Como señalaba Moisés Naim en estas páginas, la paradoja hondureña se acentuó aún más cuando el Gobierno golpista renunció a la OEA y adoptó un discurso aislacionista, más parecido al de la Cuba de Fidel que al del Chile de Pinochet. Políticos liberales y demócrata cristianos, en su mayoría, partidarios del Estado de derecho y la economía de mercado, se abanderaban tras un patriotismo populista para desafiar a la comunidad internacional. Unas semanas atrás, en San Pedro Sula, era Zelaya, y no Micheletti, quien cuestionaba la legitimidad histórica de la OEA, por el respaldo a las dictaduras militares de la guerra fría y la expulsión de Cuba en 1962. Los papeles se habían cambiado: los autoritarios de izquierda se volvían intervencionistas y los autoritarios de derecha, nacionalistas.
El golpe de Estado del 28 de junio creó un dilema de difícil solución en un mundo globalizado, multilateral y democrático. La única manera de restituir a Zelaya en la presidencia, de manera automática, era por medio de una revolución doméstica o de una intervención extranjera. Descartadas ambas opciones, por pertenecer al pasado predemocrático, se impuso una salida negociada al conflicto que, naturalmente, no podrá satisfacer del todo a las partes involucradas. La política interamericana fue retada en su propio terreno, el de la diplomacia, y la principal lección de esta crisis es que las instituciones regionales no están preparadas para oponerse a una práctica -el golpe de Estado- que se creía rebasada por la historia.

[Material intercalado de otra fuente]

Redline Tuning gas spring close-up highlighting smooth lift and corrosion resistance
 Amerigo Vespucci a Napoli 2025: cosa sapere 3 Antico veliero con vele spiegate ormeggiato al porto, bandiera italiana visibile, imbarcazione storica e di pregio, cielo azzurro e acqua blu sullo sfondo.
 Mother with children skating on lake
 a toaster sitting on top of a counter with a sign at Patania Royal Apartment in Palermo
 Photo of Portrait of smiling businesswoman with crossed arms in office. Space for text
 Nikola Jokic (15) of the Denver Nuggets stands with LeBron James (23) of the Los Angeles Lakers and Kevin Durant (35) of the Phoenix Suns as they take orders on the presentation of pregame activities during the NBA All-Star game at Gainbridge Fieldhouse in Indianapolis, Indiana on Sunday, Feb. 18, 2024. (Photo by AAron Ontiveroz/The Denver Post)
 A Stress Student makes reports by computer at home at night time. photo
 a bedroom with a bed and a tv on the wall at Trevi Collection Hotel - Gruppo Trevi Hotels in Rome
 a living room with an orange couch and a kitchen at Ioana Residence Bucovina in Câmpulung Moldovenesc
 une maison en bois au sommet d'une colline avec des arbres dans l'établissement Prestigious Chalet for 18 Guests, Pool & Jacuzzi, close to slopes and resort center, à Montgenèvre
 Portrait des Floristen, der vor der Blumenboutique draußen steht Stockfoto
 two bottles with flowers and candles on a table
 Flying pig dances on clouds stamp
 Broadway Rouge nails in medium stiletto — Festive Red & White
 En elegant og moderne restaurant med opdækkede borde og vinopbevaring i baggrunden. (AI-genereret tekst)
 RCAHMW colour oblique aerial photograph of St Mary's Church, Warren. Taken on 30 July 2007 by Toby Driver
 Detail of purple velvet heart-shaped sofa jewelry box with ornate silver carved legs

A pesar de las limitaciones de la diplomacia interamericana, no fueron el "no al diálogo" de Castro, la intransigencia de Micheletti o los dos intentos de regreso de Zelaya, convertidos en espectáculo por Chávez y Ortega, los que avanzaron en la solución del conflicto. Sólo la mediación de un político sin tentaciones autoritarias, como Óscar Arias, pudo vislumbrar -mas no asegurar- una salida a la crisis hondureña. Arias inició aquella gestión, consciente de su improbable eficacia, dada la polarización que se difundió, no sólo en Honduras, sino en las dos Américas. Quienes se han opuesto a esa mediación son, precisamente, los que desean, no una solución, sino un escalamiento del conflicto.
Rafael Rojas es historiador cubano exiliado en México. Acaba de publicar El estante vacío. Literatura y política en Cuba (Anagrama).